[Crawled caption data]
* * * *
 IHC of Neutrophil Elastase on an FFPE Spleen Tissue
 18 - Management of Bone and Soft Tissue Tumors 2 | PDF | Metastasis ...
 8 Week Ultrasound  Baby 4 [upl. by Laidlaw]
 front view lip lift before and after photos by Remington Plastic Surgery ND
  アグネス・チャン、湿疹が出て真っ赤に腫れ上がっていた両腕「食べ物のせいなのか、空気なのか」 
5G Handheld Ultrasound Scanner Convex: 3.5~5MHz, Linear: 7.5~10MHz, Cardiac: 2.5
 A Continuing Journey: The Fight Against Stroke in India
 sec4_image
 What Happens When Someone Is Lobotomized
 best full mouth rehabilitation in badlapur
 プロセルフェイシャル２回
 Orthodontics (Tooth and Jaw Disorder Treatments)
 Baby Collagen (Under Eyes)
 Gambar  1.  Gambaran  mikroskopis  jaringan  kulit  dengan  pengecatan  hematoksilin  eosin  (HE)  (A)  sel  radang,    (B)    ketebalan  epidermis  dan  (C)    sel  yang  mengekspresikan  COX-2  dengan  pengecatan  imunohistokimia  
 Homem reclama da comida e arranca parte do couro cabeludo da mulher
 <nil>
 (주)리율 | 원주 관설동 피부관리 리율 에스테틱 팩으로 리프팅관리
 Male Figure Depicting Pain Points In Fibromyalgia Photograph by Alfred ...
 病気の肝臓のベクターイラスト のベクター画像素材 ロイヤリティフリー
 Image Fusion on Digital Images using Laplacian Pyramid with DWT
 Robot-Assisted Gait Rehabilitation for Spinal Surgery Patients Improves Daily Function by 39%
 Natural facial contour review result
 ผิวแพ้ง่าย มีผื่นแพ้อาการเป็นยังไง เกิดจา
* * * *
Set down verbatim only the lines between the start of the data above and the line with "A Continuing Journey: The", both boundaries included.

 IHC of Neutrophil Elastase on an FFPE Spleen Tissue
 18 - Management of Bone and Soft Tissue Tumors 2 | PDF | Metastasis ...
 8 Week Ultrasound  Baby 4 [upl. by Laidlaw]
 front view lip lift before and after photos by Remington Plastic Surgery ND
  アグネス・チャン、湿疹が出て真っ赤に腫れ上がっていた両腕「食べ物のせいなのか、空気なのか」 
5G Handheld Ultrasound Scanner Convex: 3.5~5MHz, Linear: 7.5~10MHz, Cardiac: 2.5
 A Continuing Journey: The Fight Against Stroke in India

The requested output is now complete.